** EXERCISE AIM **
Whatever comes before the line containing "A snow-covered mountain" stays out; transcribe that line and all that follow to the end of the records exactly, with no pictures.

TASK DATA section start

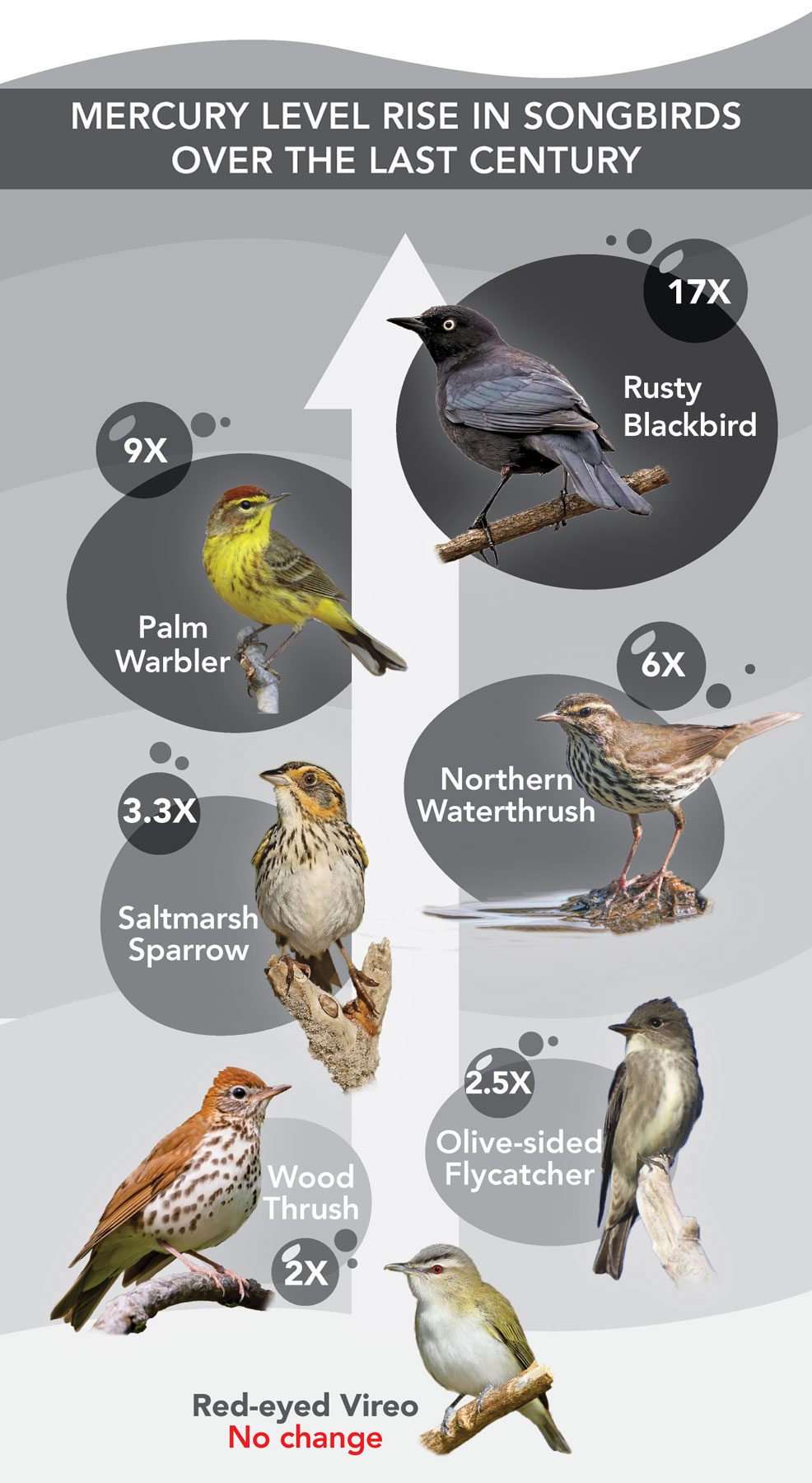 Benefits of Mechanical Birds - contextual illustration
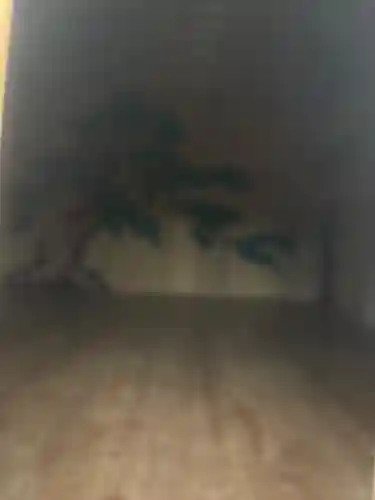 春日神社（佐渡相川下戸）(新潟県)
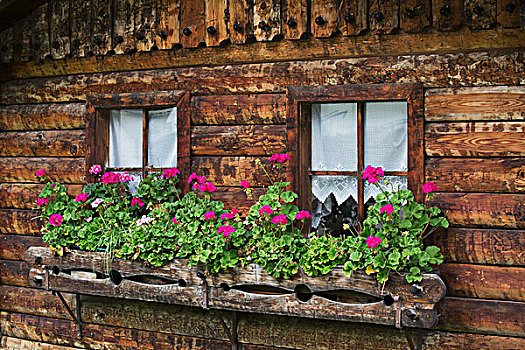 特写,木质,花箱,彩色,花,侧面,木屋,两个,窗户,奥地利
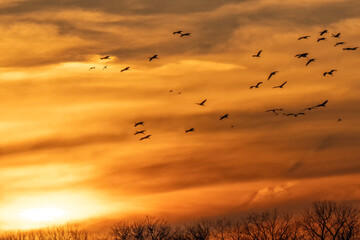 Sandhill cranes at sunset; Crane Trust; Nebraska 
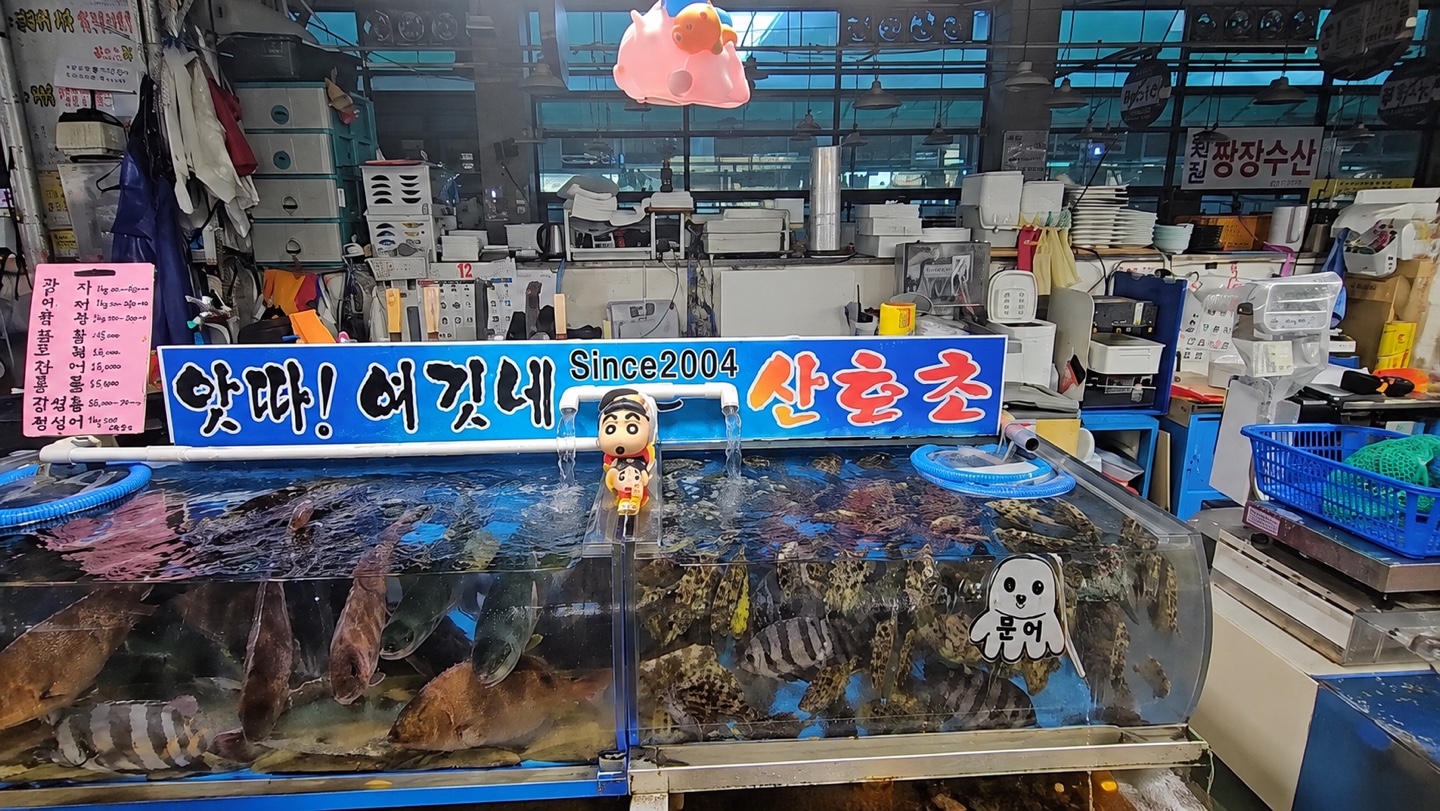 산호초 사진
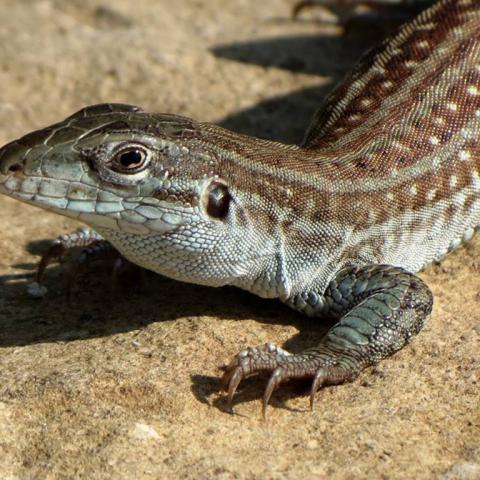 A close up view of a lizard with brown and beige stripes and beige spots on the brown stripes, Guadalupe Mountains National Park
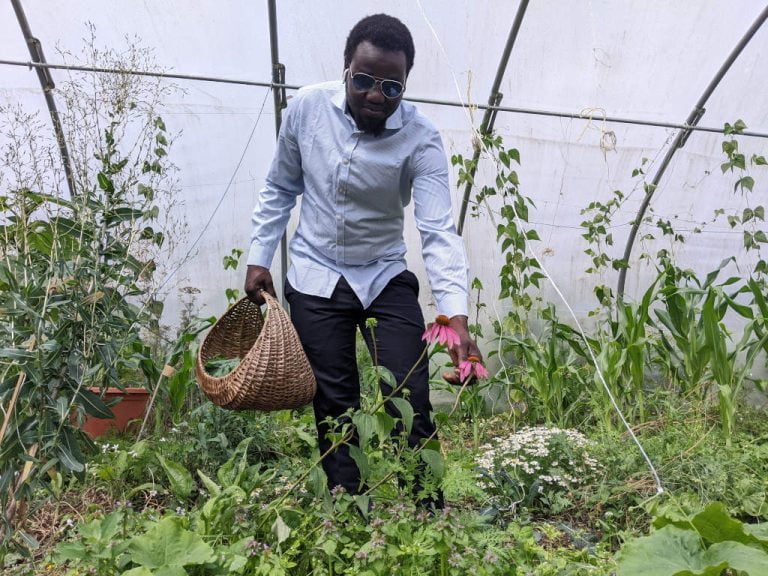 Participant in Growing Solidarity, picking flowers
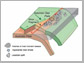 tectonic plates in the Solomon Island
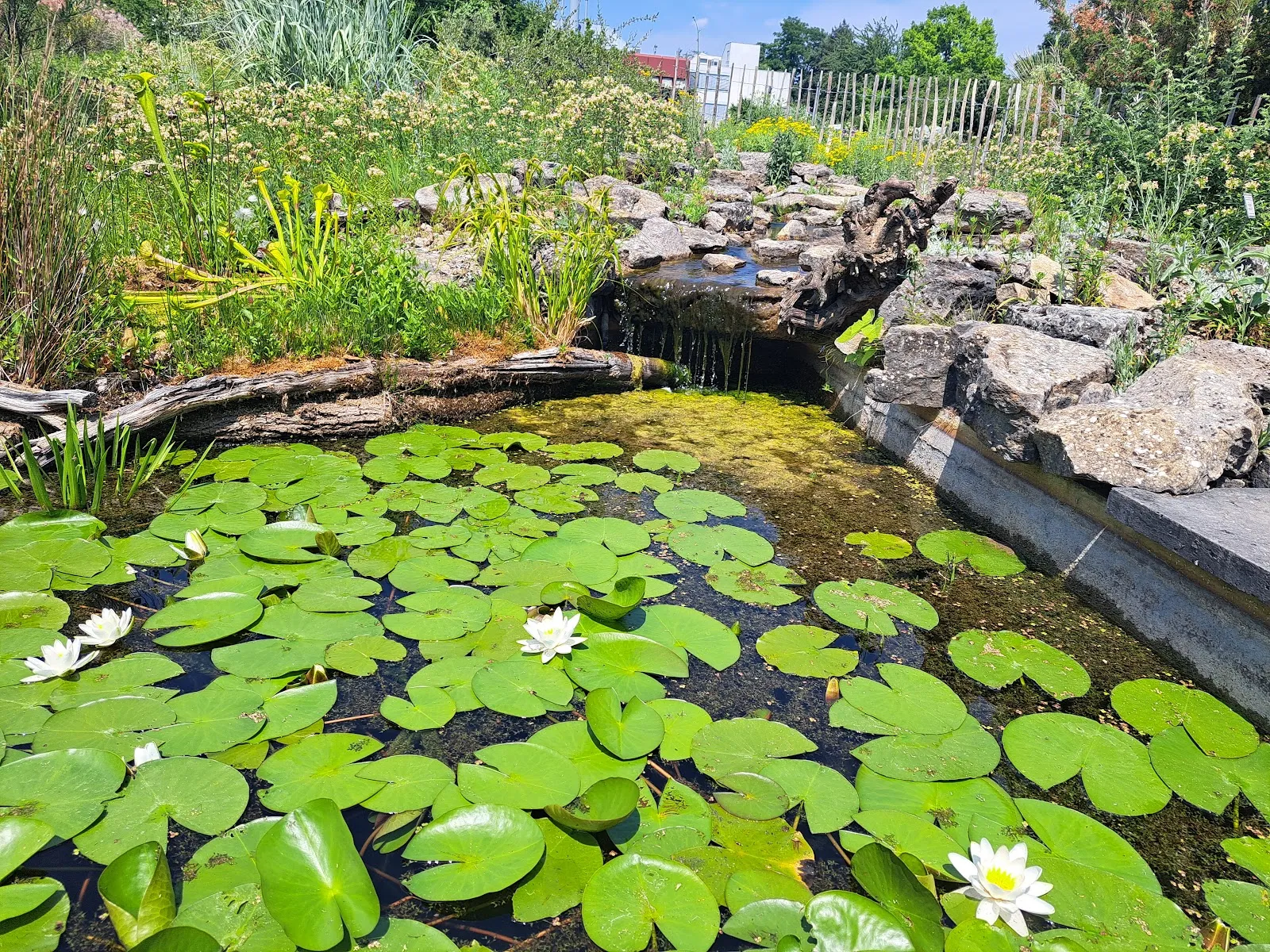 Ботанический сад Вюрцбургского университета, зелёные растения, оранжереи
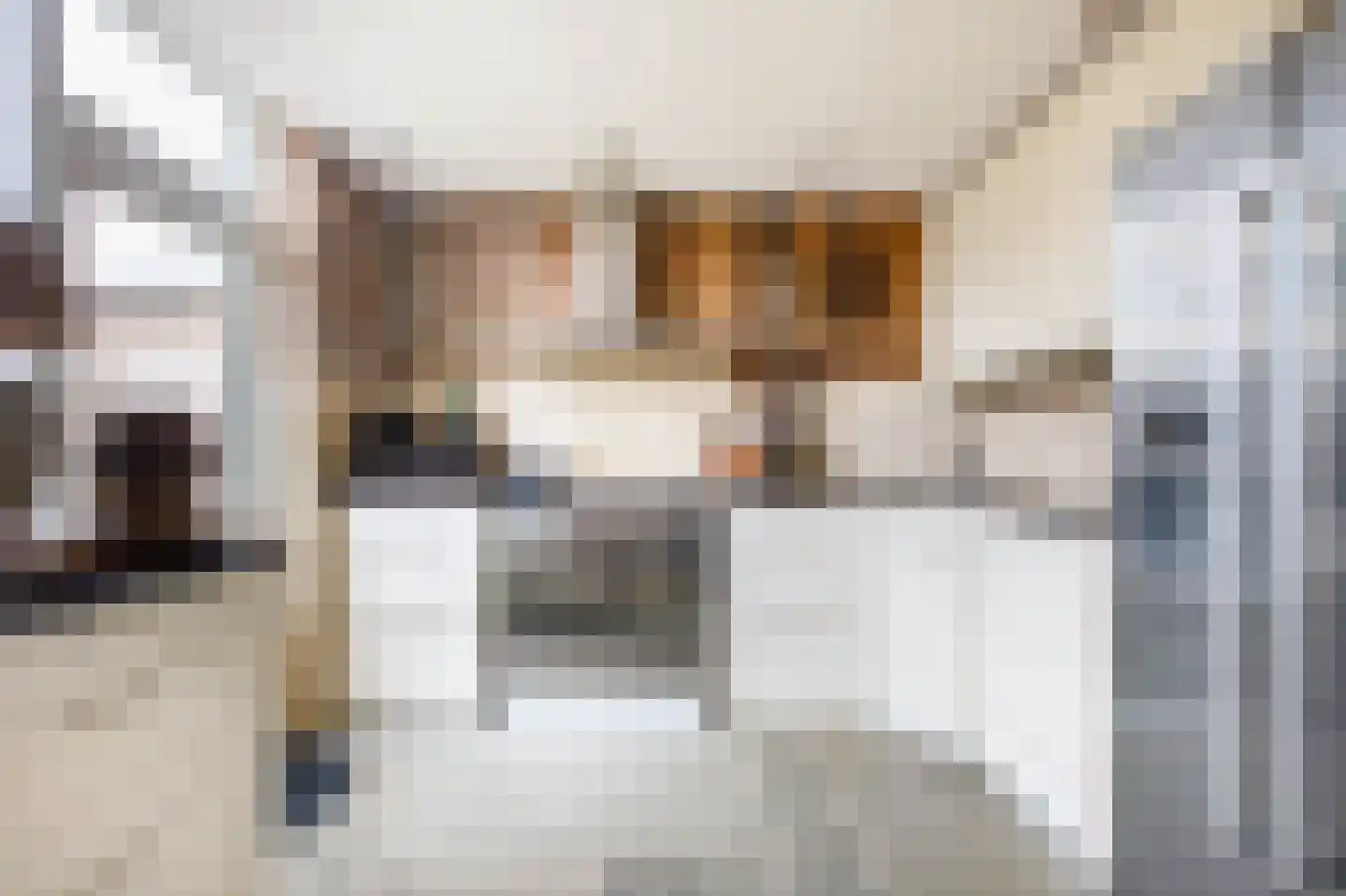 Reigersingel 26 Bergambacht thumbnail 20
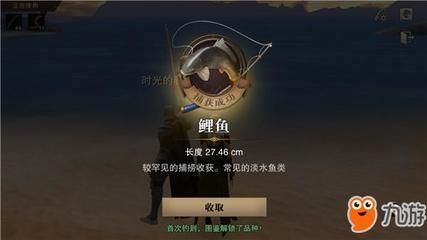 龍魚需要24小時打氧嗎為什么呢vs祥龍魚場：龍魚是否需要24小時打氧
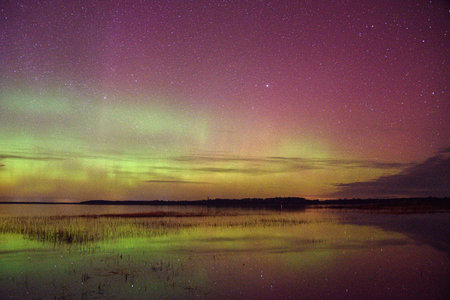 Vibrant northern lights dance across a starry night sky, reflecting on a calm lake with grassy reeds in the foreground.の写真素材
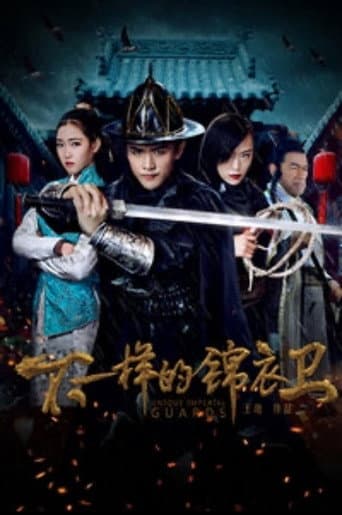 Poster for 不一样的锦衣卫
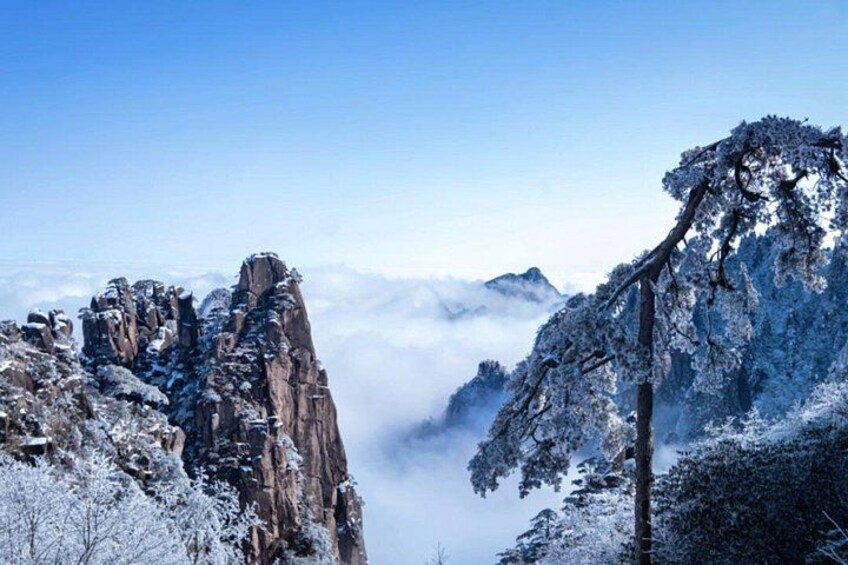 A snow-covered mountain landscape with rocky cliffs and a tree. 3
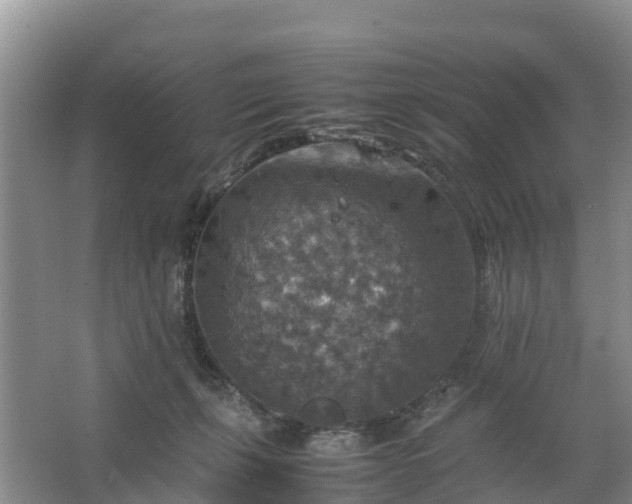 X0000067460271200604142332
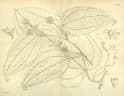 Smilax regelii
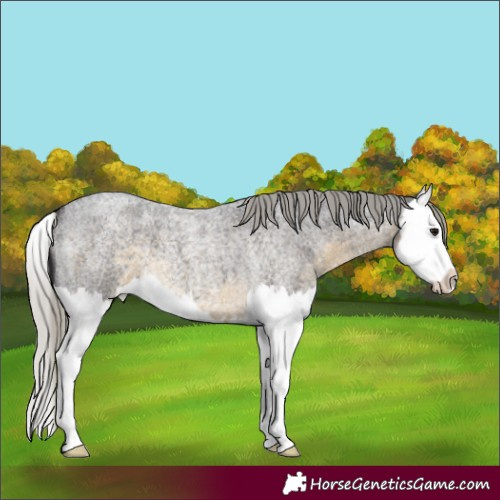 Horse Color:Silver Smoky Blue Roan Splash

TASK DATA section end

** RESPONSE AREA **
 A snow-covered mountain landscape with rocky cliffs and a tree. 3
 X0000067460271200604142332
 Smilax regelii
 Horse Color:Silver Smoky Blue Roan Splash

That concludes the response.